Setting the duffle down by the single stingy closet, he walked to the bed with her purse. Her tiny nostrils flared.
Was she trying to read him? How freaking adorable.
“Hello,” he said softly, searching her face as he slowly lowered his head, giving her every opportunity to avoid his kiss if she wanted to. When she reached up, cupping his face and lifting her lips to his, relief shimmered like summer sheet lightning. Supporting her head and neck with his hands, he touched his mouth to hers, softly, so softly. A tiny noise escaped her throat, and she deepened the kiss, her fingers threading through his hair, the scrape of her nails against his skull a tender form of torture.
This was getting out of control fast. He reluctantly lifted his head.
She slapped her hand to mouth. “God, my breath must be horrible.”
He smiled, shaking his head. “But you could use some lip balm.”
“Yeah,” she replied, digging into her purse and somehow coming up with a tube of ChapStick on the first try. “There’s no checkbox for ‘human’ on your hospital’s admission form, but dry air is universal.”
“You’re dehydrated. Want some water?” He didn't wait for her response before picking up the pale blue plastic glass with a straw in it, and holding it up to her mouth.
She drank deeply, emptying the cup.
“More?”
“No thanks.” She sat back against the pillows propping her up against the upraised head of the bed. She wore one blanket around her shoulders like a shawl, and he could barely see the outline of her legs under the rest of the pile. Bringing her fleece clothing had been a good idea.
She pawed through the purse. “Where's my mini?”
Damn it. “I gave it to Lukas for safe-keeping. You'll hardly need it here, while you're recovering, will you?” Okay, that came out a little surlier than he’d intended.
Stare down. Her anger was a slow-burning fuse, but he wasn't backing down from this one. He gestured to the purse. “You have other phones if you need to make any calls. Your only priority while you’re here is to recover, to get well.”

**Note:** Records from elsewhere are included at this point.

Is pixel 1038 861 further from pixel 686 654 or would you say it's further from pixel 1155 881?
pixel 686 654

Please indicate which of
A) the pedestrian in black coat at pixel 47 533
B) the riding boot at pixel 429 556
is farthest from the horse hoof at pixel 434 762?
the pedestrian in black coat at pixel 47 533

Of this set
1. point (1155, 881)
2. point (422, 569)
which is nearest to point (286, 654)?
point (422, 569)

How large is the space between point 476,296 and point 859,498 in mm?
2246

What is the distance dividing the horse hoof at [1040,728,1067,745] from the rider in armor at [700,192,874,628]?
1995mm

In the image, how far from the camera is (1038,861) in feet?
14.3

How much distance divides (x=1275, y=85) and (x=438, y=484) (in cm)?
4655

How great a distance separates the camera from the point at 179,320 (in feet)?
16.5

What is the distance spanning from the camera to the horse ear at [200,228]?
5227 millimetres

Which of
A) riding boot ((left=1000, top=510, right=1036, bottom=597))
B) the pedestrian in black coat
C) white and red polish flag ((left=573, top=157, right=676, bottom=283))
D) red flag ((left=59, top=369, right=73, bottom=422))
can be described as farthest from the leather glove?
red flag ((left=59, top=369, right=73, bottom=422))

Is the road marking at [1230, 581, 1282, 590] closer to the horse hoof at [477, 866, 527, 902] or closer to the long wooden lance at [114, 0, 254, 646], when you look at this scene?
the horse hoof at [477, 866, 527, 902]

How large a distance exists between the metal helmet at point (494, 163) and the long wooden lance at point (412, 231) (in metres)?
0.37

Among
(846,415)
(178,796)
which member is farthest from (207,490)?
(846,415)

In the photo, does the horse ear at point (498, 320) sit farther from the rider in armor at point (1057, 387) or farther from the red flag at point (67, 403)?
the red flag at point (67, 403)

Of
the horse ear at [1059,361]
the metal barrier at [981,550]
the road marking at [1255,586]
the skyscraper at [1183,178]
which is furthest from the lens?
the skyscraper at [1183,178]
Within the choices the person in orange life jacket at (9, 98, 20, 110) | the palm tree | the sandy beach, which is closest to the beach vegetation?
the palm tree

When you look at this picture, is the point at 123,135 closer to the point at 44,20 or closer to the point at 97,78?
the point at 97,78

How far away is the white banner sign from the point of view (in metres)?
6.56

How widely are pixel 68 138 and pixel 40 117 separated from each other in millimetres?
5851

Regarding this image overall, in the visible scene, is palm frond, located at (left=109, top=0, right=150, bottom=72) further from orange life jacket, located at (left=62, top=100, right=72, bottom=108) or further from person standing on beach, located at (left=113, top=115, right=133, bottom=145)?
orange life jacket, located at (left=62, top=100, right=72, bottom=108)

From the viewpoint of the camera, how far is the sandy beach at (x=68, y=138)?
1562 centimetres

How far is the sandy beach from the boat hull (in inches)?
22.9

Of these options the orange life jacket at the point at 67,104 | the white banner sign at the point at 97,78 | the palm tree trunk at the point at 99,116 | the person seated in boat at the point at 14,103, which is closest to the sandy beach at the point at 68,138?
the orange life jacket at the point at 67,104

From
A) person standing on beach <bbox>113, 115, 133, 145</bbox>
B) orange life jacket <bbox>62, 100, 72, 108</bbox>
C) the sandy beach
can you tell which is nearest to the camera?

Under the blankets, her left foot jiggled. “You had no right to do that.”
His own simmering anger boiled over. “I have every right,” he snapped. “I'm the one who watched you puke blood like a geyser.”
She raised a hand to her largest incision. “I’m hardly about to forget, but—”
“Hundred-hour work weeks,” he barreled on. “Not enough sleep, eating unhealthy food, no fresh air. And now those pills.” He laughed harshly. “You’re making some really poor choices right now, babe.”
“They're my choices to make.”
They were, damn it, but...With a sigh, he sat on the bed, setting the purse aside so he could take her hands. The mattress flexed under his weight. “Bailey, those pills probably punched a hole through your stomach lining. What the hell were you thinking, taking experimental medication on top of an ulcer?”